To be sure, conventions still carry an adrenaline all their own. At the height of festivities here this week, there are few who will argue that the gatherings be curtailed. Instead, they quote William Jennings Bryan’s praise of the convention as a “snapshot of the nation.” They wax enthusiastic about the value of assembling party leaders and rank-and-file in one place at least every four years.
And to those who pine for tension and high drama, they argue that the conventions so admired by political aficionados were either historical anomalies or much less momentous than they have been made out to be.
“The nostalgia for those days is just a lot of nostalgia,” says John C. White of Texas, the former Democratic Party chairman. “What they think happened at the old conventions never really happened.”
Nonetheless, in the clarity of interregnum that followed the last presidential election year, party leaders had already begun to talk about overhauling the institution. It was only two years ago that Democratic Party Chairman Ronald H. Brown suggested that the party might be better off scaling back its convention from four nights to two.

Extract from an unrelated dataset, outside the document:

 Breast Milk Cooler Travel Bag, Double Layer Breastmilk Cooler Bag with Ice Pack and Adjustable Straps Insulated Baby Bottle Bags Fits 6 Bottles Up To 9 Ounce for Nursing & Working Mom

Similarly, an independent commission whose members included past chairmen of both parties suggested that the Republicans and Democrats agree to give up a night of network television coverage in return for free air time in the fall.
This summer, conventions will again run a full four nights. Tonight, the Democratic nominee--as he has at every convention since 1952--will again be selected on the first ballot. And officials of both parties are still demanding all the coverage they can command.
But network coverage this year will reach an all-time low. And that has renewed the discussion about finding a different way.
“If people just turn off on the Democrats this week--and I’m convinced they will,” worried Bush spokeswoman Clarke said as she looked ahead to the Republicans’ convocation next month--”then the networks may just decide to cut us back even further.”
At its heart, the debate about what new form national political conventions might take is a discussion about what the convocations should really be about.
Are they a vehicle for having delegates select a nominee, as they did amid high drama and scores of ballots in the middle of this century, when conventions and not primaries determined which candidate would represent the party?
Are they to provide a forum for open debate about the party’s course, as they did until 1980, when leaders began their effort to gloss over signs of discord to create the illusion of unity?
Or, are their purposes more modest: to mobilize the party faithful, to beat up the opposition, to establish a favorable image of the candidate in uncommitted voters’ minds?
Some argue that the parties ought not rule out taking a step backward. “Maybe you’ve got to go back to the back room and the high drama, and accept the process is unsavory but you like the results,” said Ericson, the Buchanan aide.
Most analysts rule that out. Trying to strip power from the primaries is likely to add to voters’ discontent, they say. And the prospect of allowing bitter debate on the convention floor is still considered self-defeating.
Instead, most of those weighing new forms for conventions have concluded that their most important task is to create a mood of national excitement. And, with network television increasingly uncooperative in that task, they are not looking closely at Perot.
The timing and the structure of Perot’s event remains far from clear. But his expected plan to use multiple sites linked together by communications satellites to bring the event home to Americans is clearly alluring.
“The experience of American history is that things evolve with time, and, clearly, conventions have to evolve,” says Dick Moe, a former aide to Walter F. Mondale, the Democratic presidential candidate in 1984. “They’ve got to find a new way if they’re going to survive.”